Materazzi: “VAR? Io pioniere con Zidane. Non voglio allenare in Italia perché…”

“Inter? Visti i risultati delle altre sono fiducioso, c’è tempo per raggiungere gli obiettivi”

di Beppe Castro
Materazzi

Marco Materazzi è intervenuto telefonicamente durante “Radio Anch’io Sport”, trasmissione in onda sulle frequenze di Radio 1; ecco quanto dichiarato dall’ex difensore che nel 2006 si è laureato campione del mondo con la Nazionale italiana e che durante gli anni all’Inter ha praticamente vinto tutto:

INTER – “Visti i risultati delle altre sono fiducioso, c’è tempo per raggiungere gli obiettivi. Spalletti resta l’allenatore giusto, è quello che conosce meglio il campionato italiano insieme a Sarri e Allegri. Napoli e Juventus sono le più attrezzate, l’Inter è stata brava a restare lì per un po’, ma poi alla lunga vengono fuori i veri valori”.

SKRINIAR – “Mi ricorda Samuel.

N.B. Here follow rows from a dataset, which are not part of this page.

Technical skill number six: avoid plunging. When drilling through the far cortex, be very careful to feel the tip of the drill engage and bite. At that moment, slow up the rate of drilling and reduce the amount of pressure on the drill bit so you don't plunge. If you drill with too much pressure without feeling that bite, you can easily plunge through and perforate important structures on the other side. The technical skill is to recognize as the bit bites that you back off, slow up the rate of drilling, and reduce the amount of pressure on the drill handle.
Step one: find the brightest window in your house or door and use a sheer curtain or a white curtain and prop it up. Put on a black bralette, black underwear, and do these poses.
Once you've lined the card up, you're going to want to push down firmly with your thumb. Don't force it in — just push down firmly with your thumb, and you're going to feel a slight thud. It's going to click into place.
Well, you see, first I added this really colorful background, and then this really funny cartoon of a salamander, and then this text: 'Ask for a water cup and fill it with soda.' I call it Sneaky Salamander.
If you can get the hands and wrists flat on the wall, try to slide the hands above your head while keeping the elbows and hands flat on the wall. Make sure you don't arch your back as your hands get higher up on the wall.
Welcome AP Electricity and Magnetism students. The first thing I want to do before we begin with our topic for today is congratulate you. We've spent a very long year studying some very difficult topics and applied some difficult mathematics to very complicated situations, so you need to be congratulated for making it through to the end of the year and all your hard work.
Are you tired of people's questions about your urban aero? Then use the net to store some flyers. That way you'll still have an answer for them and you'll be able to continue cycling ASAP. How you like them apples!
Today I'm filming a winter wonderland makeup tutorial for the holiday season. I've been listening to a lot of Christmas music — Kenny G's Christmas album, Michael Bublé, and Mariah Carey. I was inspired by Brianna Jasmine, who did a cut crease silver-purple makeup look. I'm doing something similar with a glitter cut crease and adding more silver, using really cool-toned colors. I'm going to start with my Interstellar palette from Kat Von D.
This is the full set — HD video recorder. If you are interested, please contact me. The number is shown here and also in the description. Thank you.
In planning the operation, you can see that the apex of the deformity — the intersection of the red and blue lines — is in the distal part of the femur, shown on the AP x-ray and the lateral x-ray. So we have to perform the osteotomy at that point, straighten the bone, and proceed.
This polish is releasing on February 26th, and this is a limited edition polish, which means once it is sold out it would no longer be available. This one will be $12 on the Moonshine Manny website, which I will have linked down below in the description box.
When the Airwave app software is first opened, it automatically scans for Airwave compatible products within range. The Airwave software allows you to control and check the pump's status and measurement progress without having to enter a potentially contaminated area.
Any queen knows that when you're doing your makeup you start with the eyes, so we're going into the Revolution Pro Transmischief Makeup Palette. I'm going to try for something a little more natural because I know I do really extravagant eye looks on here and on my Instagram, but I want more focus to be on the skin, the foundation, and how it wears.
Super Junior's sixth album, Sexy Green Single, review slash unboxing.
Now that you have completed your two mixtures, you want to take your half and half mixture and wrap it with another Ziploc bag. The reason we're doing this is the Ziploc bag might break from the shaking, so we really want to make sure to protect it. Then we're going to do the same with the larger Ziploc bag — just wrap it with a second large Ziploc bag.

Deve migliorare, ma è uno dei migliori difensori della Serie A”.

LAZIO – “Inzaghi vive di calcio, non mi sorprendono questi risultati positivi”.

MERCATO – “Condizionamenti? Dura tanto, ma quando giochi in un top club devi pensare solo al campo”.

VAR – “Io fui il pioniere con la testata subita da Zidane. Se fatto bene, il VAR può essere positivo anche se per esempio ieri a Crotone ci sono stati dei casini”.

SCUDETTO – “Tra Juventus e Napoli ci sono consapevolezze diverse. Sono due realtà differenti che hanno lo stesso obiettivo”.

ROMA – “La Champions League toglierà energie, non mi aspettavo questo calo”.

CARRIERA – “Sogno di non allenare in Italia, è diventato difficile lavorare nel nostro paese. Le società perdono di vista il vero obiettivo, ovvero la crescita: non c’è tempo, si vuole tutto e subito in pochi giorni”.